Ainda vale a pena chamar atenção para a aparente brincadeira efetuada entre “gema” e “claras” que, introduzida por “casca”, poderia conduzir a leitura por uma isotopia – nível de leitura – completamente outra. Mas o emprego do “gema” verbo – surpreendemos aqui o aproveitamento da homofonia entre substantivo/verbo –, que acaba anexando sua dramática carga semântica, ultrapassa o puro exotismo do trocadilho. A brincadeira deixa de sê-lo justificando-se como um recurso sério e poético.

Viúva negra

Valéria Tarelho

para cada boca
que me sorve
sirvo
o mesmo veneno
vario
conforme o beijo
a dose de ar
cênico

A expressão “viúva negra”, no título, largamente conhecida, prepara um pantanoso terreno de enganos, em que poderá caminhar o leitor, agravado ainda pelos termos “veneno” e “dose” e pela homofonia que se estabelece entre “ar cênico” e “arsênico”, substância reconhecidamente tóxica, desde que não seja identificada a metáfora entre veneno e beijo e o significado do “cênico”, como relativo a uma representação teatral. Desse modo, valendo-se justamente de todo um campo semântico que faz parte do repertório de qualquer leitor comum, a expressão usada no título, no desabrochar do poema, agrega o significado de assassínio das relações humanas amorosas. Ainda aqui continua valendo a observação do domínio seguro e literário, por parte da escritora, das virtualidades da língua.

Abaixo, transcrevo alguns outros poemas de Valéria Tarelho, para simples fruição de seu talento, nesse domingo, o que não é pouco.

Ego

Valéria Tarelho

eis-me aqui
diante do espelho:
um nonsense
face
&
disfarce
eis-me aqui
um contra-senso
reflexo
&
avesso
eis-me aqui
ante meus versos:
uma antítese
imagem
&
miragem
a bem da verdade
reconheço o que viso:
um oásis de vaidade
pregando no deserto
eis-me aqui:
narciso
&
eco

Ballet do adeus

Valéria Tarelho

Na ponta dos pés
em meia ponta
gotas bailarinas
descortinam os olhos
interpretando
o adágio da despedida
Essas aves-meninas
cristalinas
rodopiam suaves
girando em fouetté
no tablado da face
Agonizando
olhos marejados
pelo corpo de baile
vejo-te ao longe
partindo no lago
protagonizando
a coreografia
do último ato

Origami

Valéria Tarelho

Numa tarde qualquer
o amei
Fui o papel espelho
que ele vincou
Ficaram em mim
as marcas desse atropelo
(e de seus dedos)
Enquanto fui só amor para dar
(e medo)
Ele apenas brincou
de me dobrar…

Danúbio azul

Valéria Tarelho

blues, ouvia
de vez em quando.
choro, todos os dias.
meses atrás,
dançava tango.
olhos azuis-siameses,
há mais de ano
a (en)cantam.
em compasso de espera
pelo toque do gato,
ela marcou passo
a três por quatro.
"straussada",
val
sou.

4 comentários:

Luciene disse...

Um conjunto de poemas singulares e simplesmente adoráveis.

Abraços.

ju rigoni disse...

Palavras escolhidas com maestria. Efeitos sempre surpreendentes numa concisão invejável. Que maravilha, Eliane! Obrigada por compartilhar.

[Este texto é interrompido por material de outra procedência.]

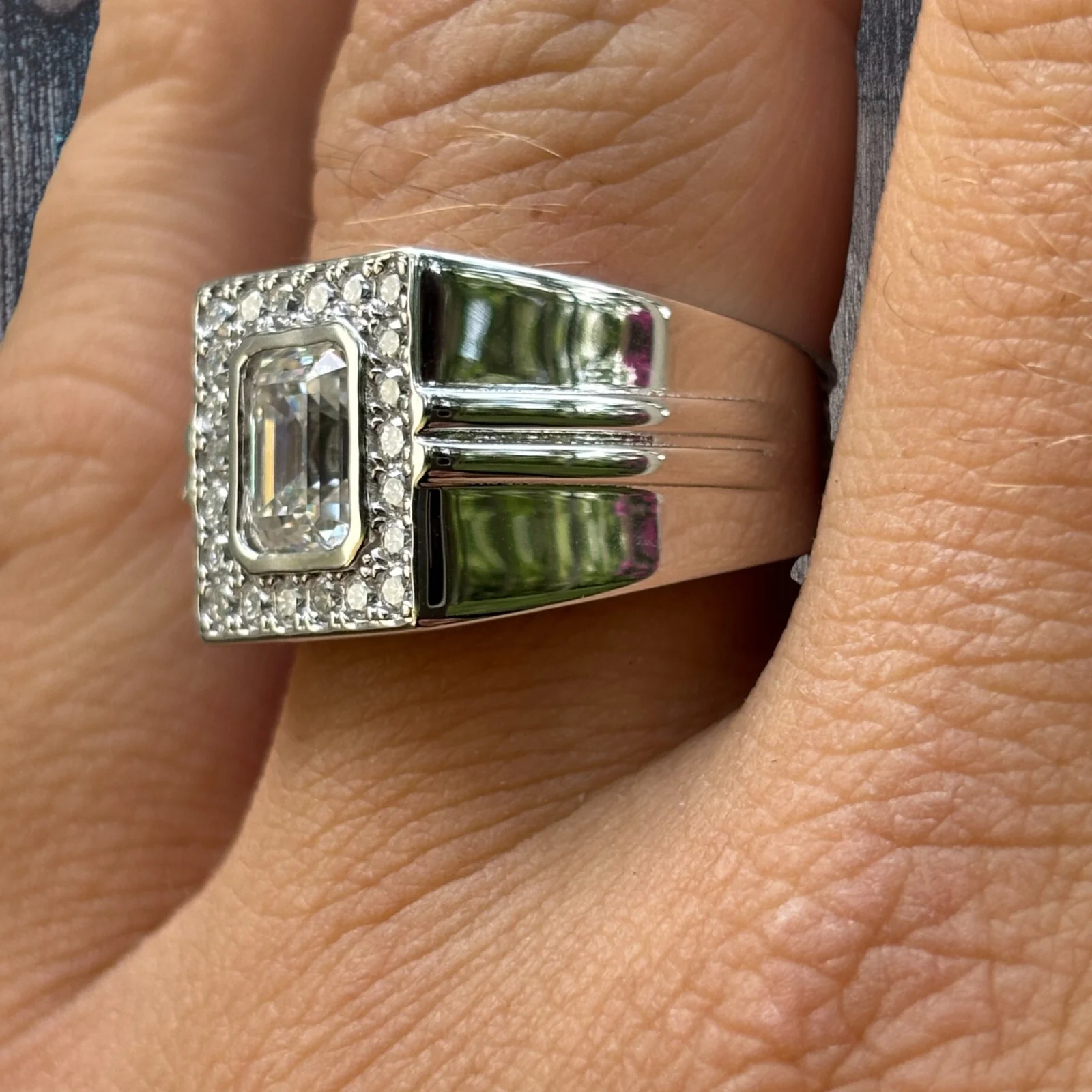 925 Sterling Silver Emerald Cut Ring With Moissanite - Image 5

Parabéns às duas! Bjs, mestra, e inté!

Mara faturi disse...

Oi queri,

poxa!!!! que escolha feliz; A Tarelho é bárbara e tenho a honra de estar no "Curta" com ela, entre outros ótimos poetas!
Aff, depois de muito tempo...postei!! não era ócio da escrita, continuei poemando, apenas não postava por motivos outros;))
Prometo ser mais "pontual", rsrs!!!
Muito bom te ler novamente!!!
Bjos!!

Marise Ribeiro disse...

Eliane, obrigada por nos apresentar mais uma maravilhosa poeta! Valéria Tarelho traz o enlace das palavras na ponta dos dedos. Todos o poemas são magistrais, mas Origami me deixou babando.